### WHAT IS BEING ASKED
The entries need to be copied exactly as they stand, images left out.

### RECORDS SHOWN
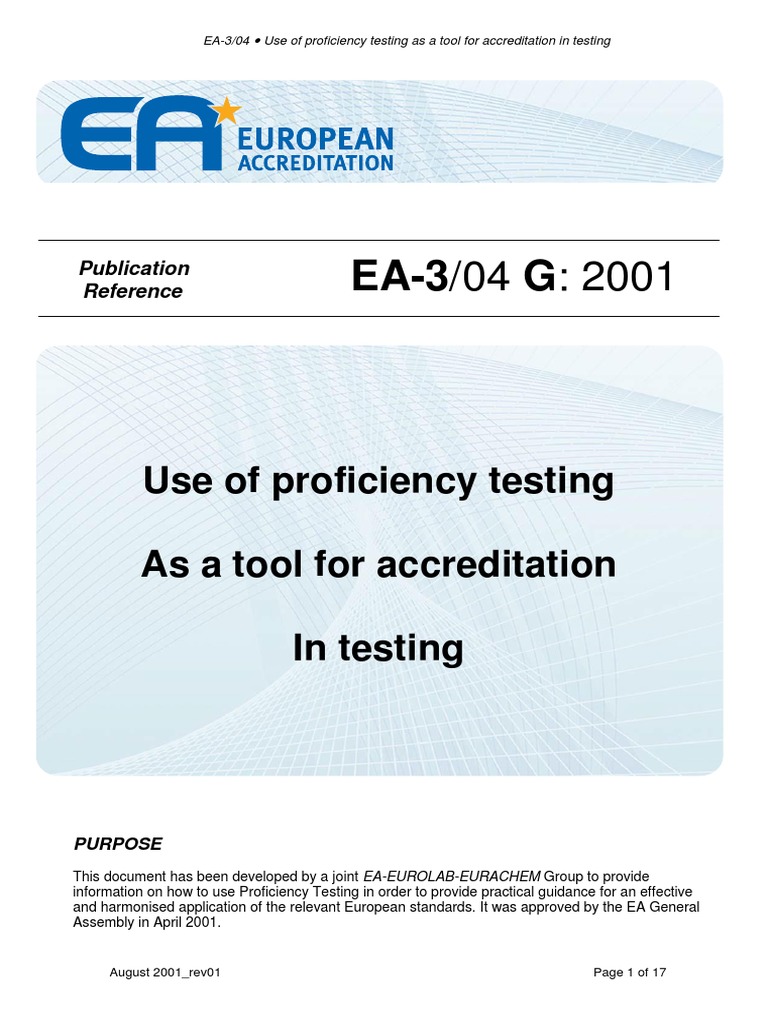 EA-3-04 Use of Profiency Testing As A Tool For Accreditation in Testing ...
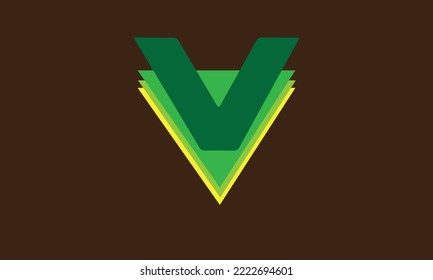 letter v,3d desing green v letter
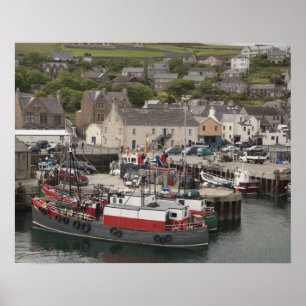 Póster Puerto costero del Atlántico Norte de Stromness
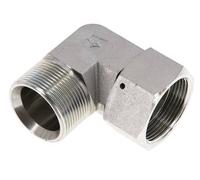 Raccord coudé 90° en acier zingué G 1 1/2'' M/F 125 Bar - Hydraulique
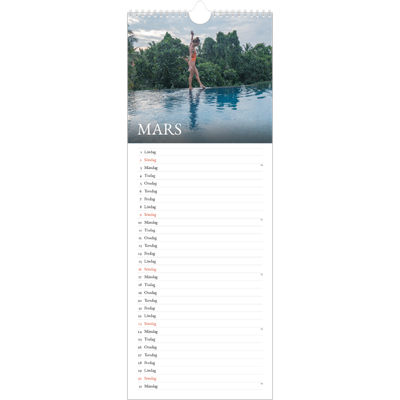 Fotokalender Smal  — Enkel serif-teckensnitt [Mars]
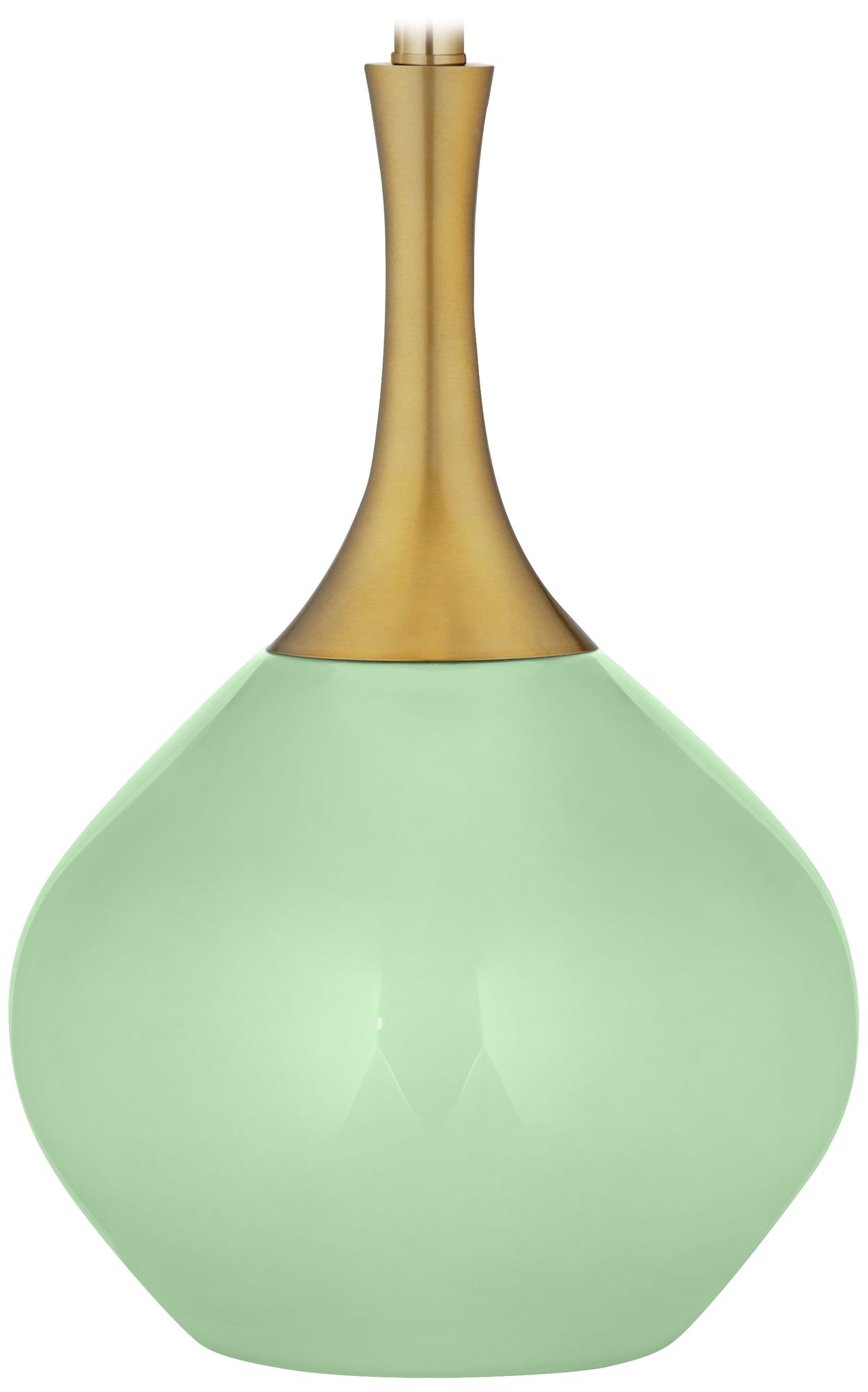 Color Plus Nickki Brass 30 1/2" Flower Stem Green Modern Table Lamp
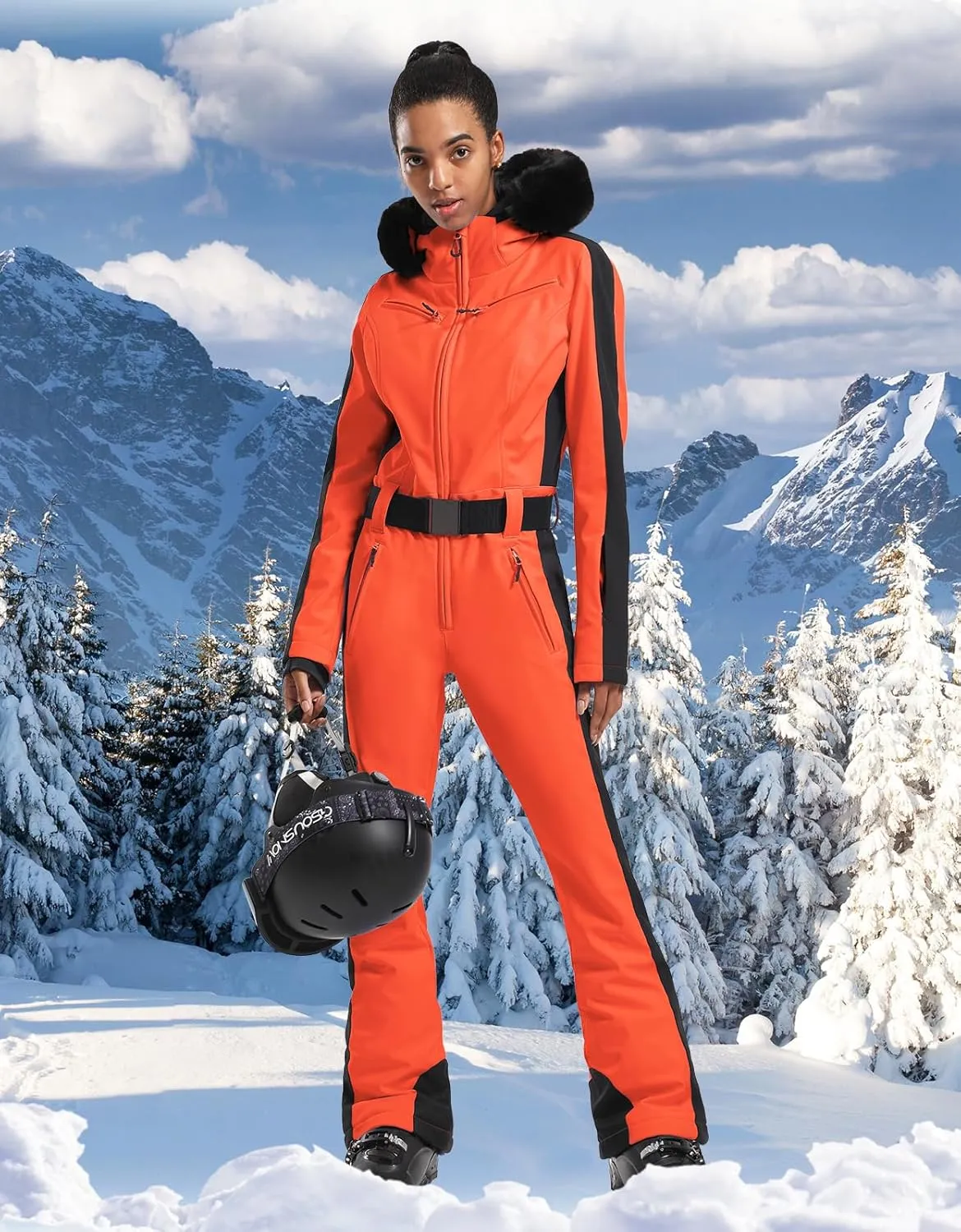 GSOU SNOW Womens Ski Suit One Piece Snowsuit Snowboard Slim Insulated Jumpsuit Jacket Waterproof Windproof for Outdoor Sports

### ANSWER TO THIS TASK
 EA-3-04 Use of Profiency Testing As A Tool For Accreditation in Testing ...
 letter v,3d desing green v letter
 Póster Puerto costero del Atlántico Norte de Stromness
 Raccord coudé 90° en acier zingué G 1 1/2'' M/F 125 Bar - Hydraulique
 Fotokalender Smal  — Enkel serif-teckensnitt [Mars]
 Color Plus Nickki Brass 30 1/2" Flower Stem Green Modern Table Lamp
 GSOU SNOW Womens Ski Suit One Piece Snowsuit Snowboard Slim Insulated Jumpsuit Jacket Waterproof Windproof for Outdoor Sports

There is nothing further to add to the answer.